THE PROBLEM
Filter these entries down to the lines that hold the word "Jeep", and show each of them.

Stored items from a collection
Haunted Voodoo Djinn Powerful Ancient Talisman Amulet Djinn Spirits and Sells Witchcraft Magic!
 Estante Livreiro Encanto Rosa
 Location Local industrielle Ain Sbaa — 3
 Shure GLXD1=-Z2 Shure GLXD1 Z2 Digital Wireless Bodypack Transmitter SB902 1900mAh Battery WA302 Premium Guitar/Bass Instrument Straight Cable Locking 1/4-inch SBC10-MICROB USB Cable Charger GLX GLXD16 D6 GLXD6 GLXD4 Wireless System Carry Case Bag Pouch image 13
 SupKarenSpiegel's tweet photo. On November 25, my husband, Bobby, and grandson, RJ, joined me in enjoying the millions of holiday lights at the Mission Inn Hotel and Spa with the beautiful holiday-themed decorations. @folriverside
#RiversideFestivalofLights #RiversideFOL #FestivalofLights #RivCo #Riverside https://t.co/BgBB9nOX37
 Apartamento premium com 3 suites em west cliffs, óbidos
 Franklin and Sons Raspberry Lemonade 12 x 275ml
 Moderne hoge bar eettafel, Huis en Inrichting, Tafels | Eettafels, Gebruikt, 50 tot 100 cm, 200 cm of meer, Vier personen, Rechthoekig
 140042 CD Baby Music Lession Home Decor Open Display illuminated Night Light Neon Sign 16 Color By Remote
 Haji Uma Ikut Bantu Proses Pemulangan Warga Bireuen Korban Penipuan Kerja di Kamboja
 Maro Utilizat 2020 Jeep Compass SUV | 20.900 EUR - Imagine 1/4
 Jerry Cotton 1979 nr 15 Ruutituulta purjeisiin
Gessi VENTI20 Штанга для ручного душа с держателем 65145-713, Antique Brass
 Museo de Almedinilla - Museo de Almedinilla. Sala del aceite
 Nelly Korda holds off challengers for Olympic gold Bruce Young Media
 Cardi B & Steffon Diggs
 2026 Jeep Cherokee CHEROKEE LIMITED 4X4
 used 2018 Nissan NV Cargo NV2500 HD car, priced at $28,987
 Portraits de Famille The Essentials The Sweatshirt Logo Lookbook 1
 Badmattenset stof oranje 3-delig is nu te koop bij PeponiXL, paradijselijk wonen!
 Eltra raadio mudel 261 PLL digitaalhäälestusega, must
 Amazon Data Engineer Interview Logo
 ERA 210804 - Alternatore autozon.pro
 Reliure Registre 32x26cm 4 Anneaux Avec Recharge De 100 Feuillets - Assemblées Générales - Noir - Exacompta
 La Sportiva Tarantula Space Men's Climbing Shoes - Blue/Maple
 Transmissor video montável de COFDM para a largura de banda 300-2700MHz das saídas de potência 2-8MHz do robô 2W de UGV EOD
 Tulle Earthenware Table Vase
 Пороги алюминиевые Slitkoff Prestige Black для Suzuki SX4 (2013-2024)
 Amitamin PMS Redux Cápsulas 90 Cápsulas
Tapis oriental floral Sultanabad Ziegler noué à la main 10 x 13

REPLY TO THE TASK
 Maro Utilizat 2020 Jeep Compass SUV | 20.900 EUR - Imagine 1/4
 2026 Jeep Cherokee CHEROKEE LIMITED 4X4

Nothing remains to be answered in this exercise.